-- Your task --
Set down each line of the data below exactly as it stands, dropping the pictures.

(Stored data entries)
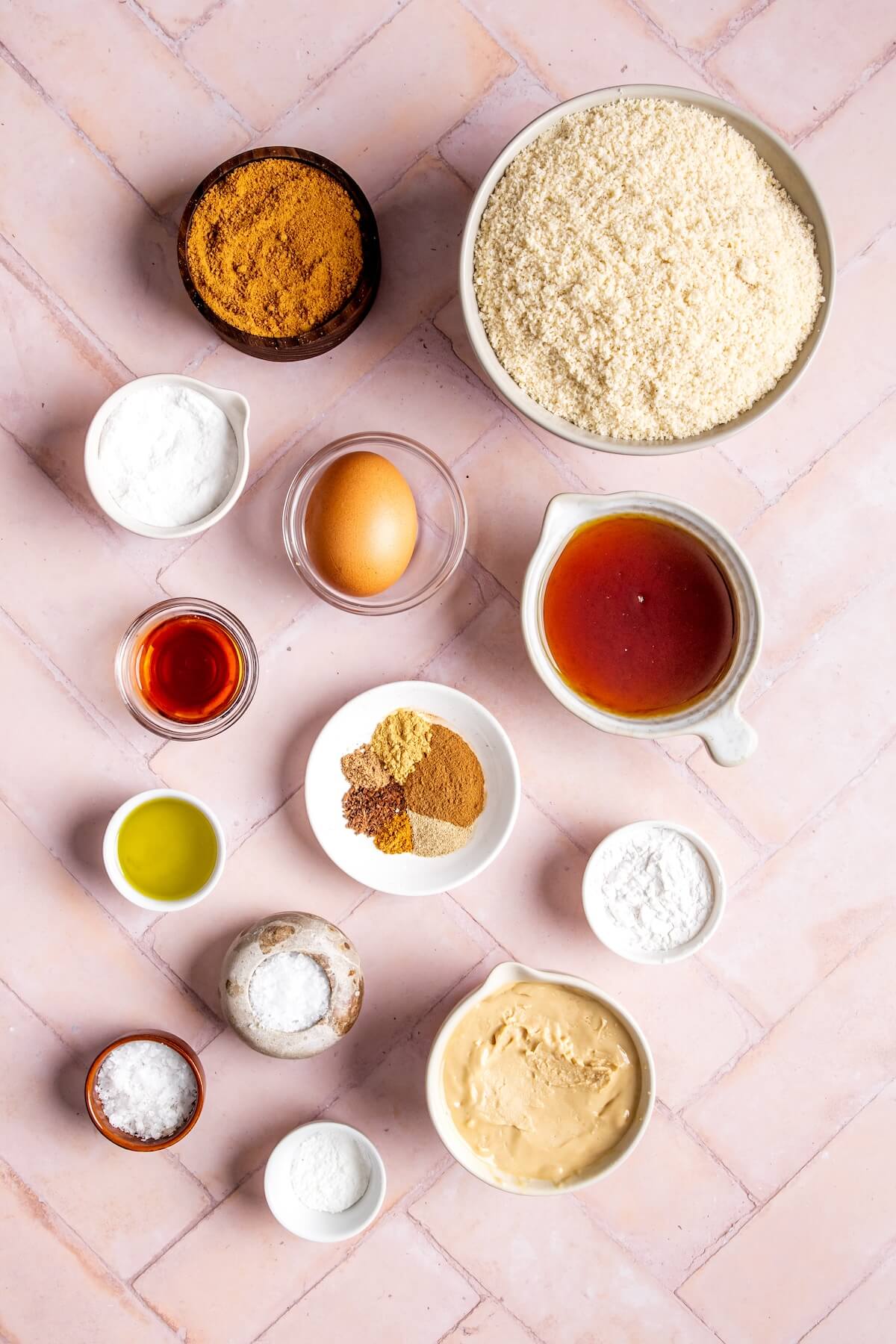 Ingredients for Chewy Chai Cookies with Maple Glaze - Olivia Adriance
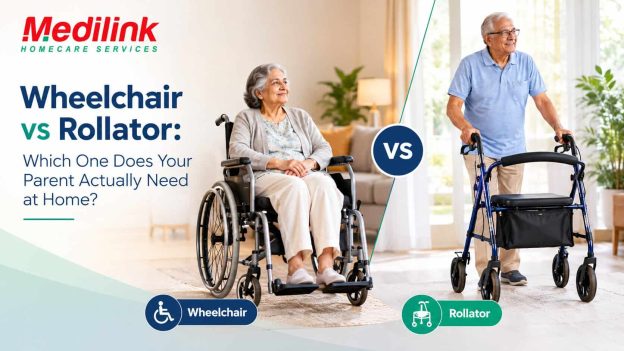 Wheelchair vs Rollator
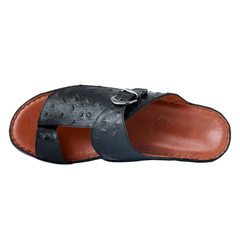 Luxury Arabic Sandals with Side Buckles Leaf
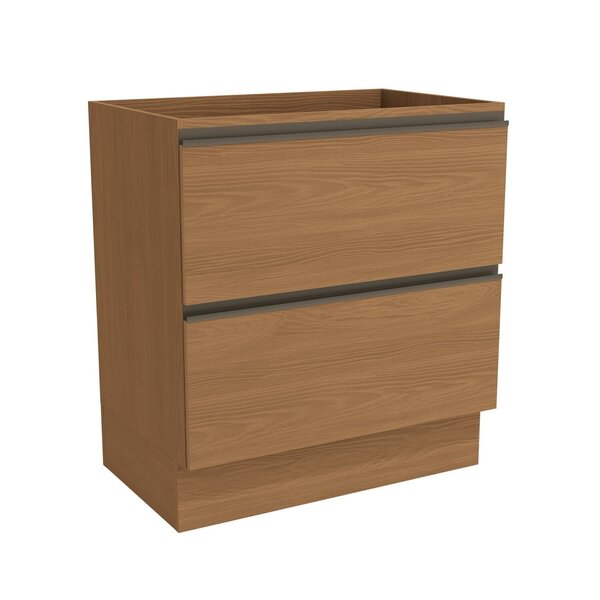 Balcão De Cozinha 800mm 2 Gavetões De Madeira Canela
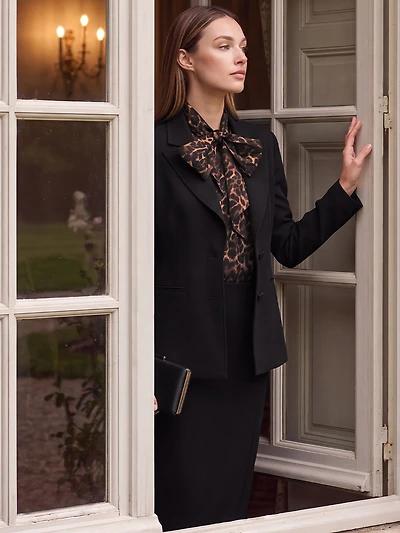Wide Shoulder Blazer
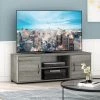 Montale 59 in. French Oak Grey TV Stand with Doors for TV up to 65 in. by Furinno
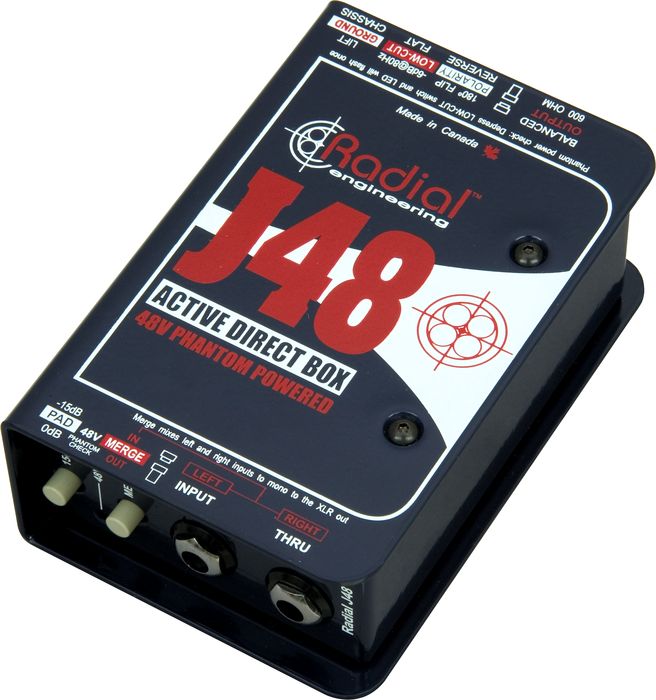 Radial Engineering J48 MK2 48V Phantom Power Active Direct Box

-- Task result --
 Ingredients for Chewy Chai Cookies with Maple Glaze - Olivia Adriance
 Wheelchair vs Rollator
 Luxury Arabic Sandals with Side Buckles Leaf
 Balcão De Cozinha 800mm 2 Gavetões De Madeira Canela
Wide Shoulder Blazer
 Montale 59 in. French Oak Grey TV Stand with Doors for TV up to 65 in. by Furinno
 Radial Engineering J48 MK2 48V Phantom Power Active Direct Box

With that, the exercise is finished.